■ Work request ■
The answer is the set of lines that include "United", copied from the data below.

Items from a dataset:

<<<<

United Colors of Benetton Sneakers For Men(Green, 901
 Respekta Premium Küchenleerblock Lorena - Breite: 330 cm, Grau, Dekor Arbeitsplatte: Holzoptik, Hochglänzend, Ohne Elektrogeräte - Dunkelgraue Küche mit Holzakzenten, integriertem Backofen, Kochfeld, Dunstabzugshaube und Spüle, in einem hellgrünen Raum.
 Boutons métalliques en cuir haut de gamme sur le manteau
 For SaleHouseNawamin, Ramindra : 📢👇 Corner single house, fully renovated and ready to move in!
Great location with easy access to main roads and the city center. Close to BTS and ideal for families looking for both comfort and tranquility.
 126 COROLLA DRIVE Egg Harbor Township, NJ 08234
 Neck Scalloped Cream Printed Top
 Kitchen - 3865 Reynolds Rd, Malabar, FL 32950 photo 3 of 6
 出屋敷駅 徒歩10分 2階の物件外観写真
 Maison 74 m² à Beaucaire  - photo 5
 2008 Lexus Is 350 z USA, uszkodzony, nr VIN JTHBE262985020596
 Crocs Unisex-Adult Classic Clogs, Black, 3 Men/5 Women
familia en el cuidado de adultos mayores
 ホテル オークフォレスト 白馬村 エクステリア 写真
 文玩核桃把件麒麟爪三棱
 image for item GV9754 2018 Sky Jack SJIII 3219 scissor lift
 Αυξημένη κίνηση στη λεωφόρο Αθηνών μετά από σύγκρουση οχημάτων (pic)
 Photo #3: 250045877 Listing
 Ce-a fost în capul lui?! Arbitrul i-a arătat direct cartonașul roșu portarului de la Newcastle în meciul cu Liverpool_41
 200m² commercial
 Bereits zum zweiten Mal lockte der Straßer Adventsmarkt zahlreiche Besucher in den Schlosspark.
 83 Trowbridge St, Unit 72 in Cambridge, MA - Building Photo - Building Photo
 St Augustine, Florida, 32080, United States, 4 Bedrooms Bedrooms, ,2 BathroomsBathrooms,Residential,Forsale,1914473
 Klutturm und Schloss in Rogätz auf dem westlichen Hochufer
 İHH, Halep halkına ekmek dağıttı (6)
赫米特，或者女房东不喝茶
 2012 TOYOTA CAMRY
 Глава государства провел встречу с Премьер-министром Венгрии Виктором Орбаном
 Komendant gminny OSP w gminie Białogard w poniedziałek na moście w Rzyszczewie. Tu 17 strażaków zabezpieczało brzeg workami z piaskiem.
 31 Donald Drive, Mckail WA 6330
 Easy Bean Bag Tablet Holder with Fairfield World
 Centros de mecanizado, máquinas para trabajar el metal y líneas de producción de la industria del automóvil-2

>>>>

■ Solution below ■
United Colors of Benetton Sneakers For Men(Green, 901
 St Augustine, Florida, 32080, United States, 4 Bedrooms Bedrooms, ,2 BathroomsBathrooms,Residential,Forsale,1914473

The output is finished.